S3_* keys - if you use an S3-compatible object store for the file store.

environmentFile is a plain KEY=value file passed to systemd's EnvironmentFile=. It's typically managed with sops-nix or agenix, which decrypt secrets to a path like /run/secrets/... at activation time; a hand-managed root-owned 0400 file works too.

Database¶

By default the module provisions a local PostgreSQL server (database.createLocally = true), creating the role and database and connecting to it over a Unix socket, so no DATABASE_URL is needed. If PostgreSQL is already enabled on the host, asciinema server's database is simply added to it.
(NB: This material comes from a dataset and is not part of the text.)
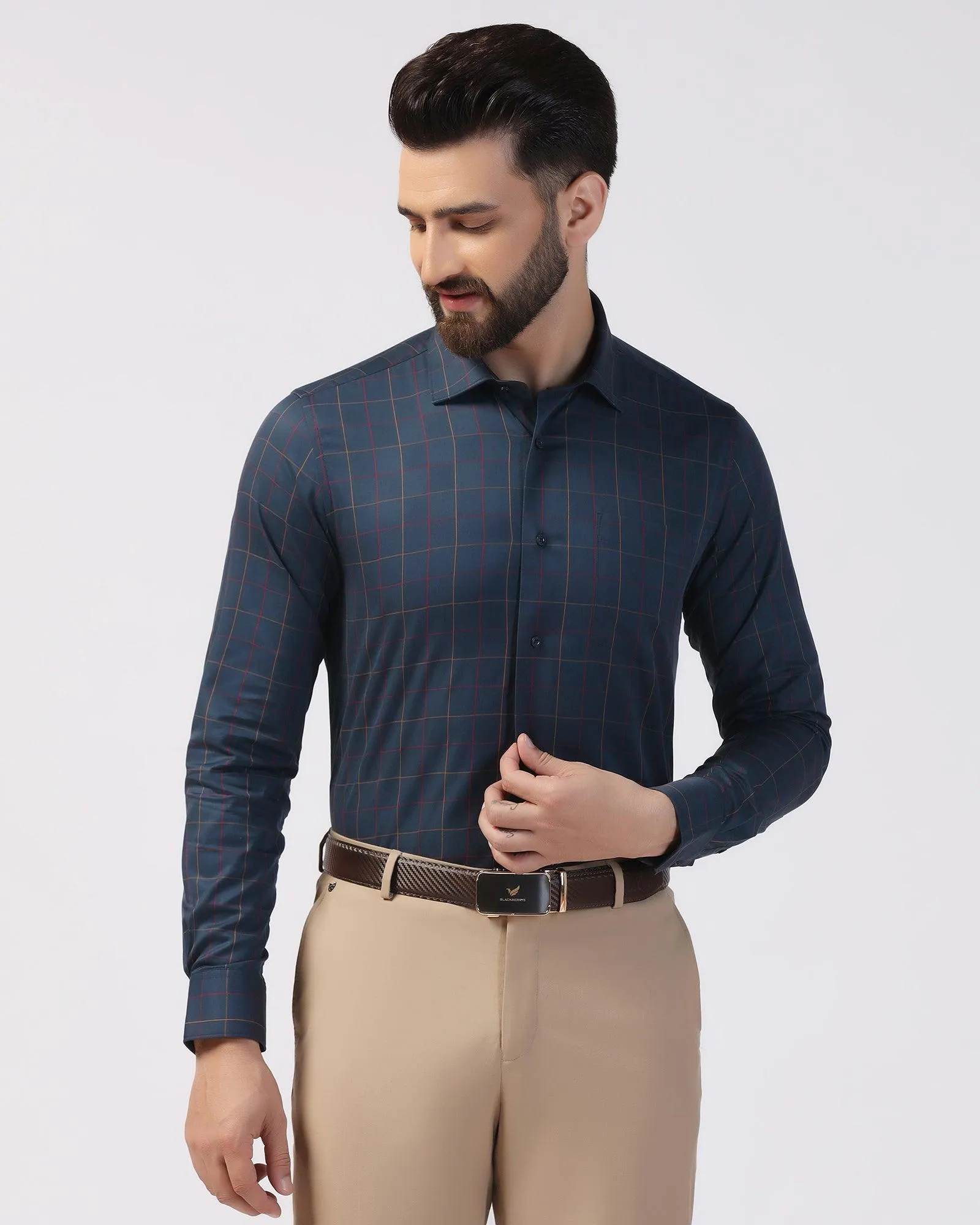 Non Iron Formal Navy Check Shirt - Boston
To use an external or existing database instead, turn the local one off and provide DATABASE_URL via environmentFile:

services.asciinema.database.createLocally = false;

/run/secrets/asciinema.env

DATABASE_URL=ecto://user:pass@db.example.com/asciinema

Data directory¶

The server keeps its local state in dataDir, which defaults to /var/lib/asciinema: uploaded recordings (under uploads/), the generated SECRET_KEY_BASE, and the Erlang release cookie.

Change the location with:

services.asciinema.dataDir = "/srv/asciinema";

You can store recordings in an S3-compatible object store instead by setting the S3_* variables; the generated SECRET_KEY_BASE and release cookie are still kept locally under dataDir.

Options¶

Option	Default	Description
`enable`	`false`	Run the asciinema server service.
`environment`	`{}`	Non-secret environment variables (strings, integers or booleans).
`environmentFile`	`null`	Path to a `KEY=value` file with secrets, passed to `EnvironmentFile=`.
`dataDir`	`/var/lib/asciinema`	Directory for local state and uploads.
`database.createLocally`	`true`	Provision and use a local PostgreSQL database.

Upgrading¶

The server version is pinned by your flake's lock file. To move to a new release, bump the asciinema-server input (or nix flake update asciinema-server if you track main) and run nixos-rebuild switch. Migrations run automatically on start.

See Upgrading for the full steps and the release-notes policy.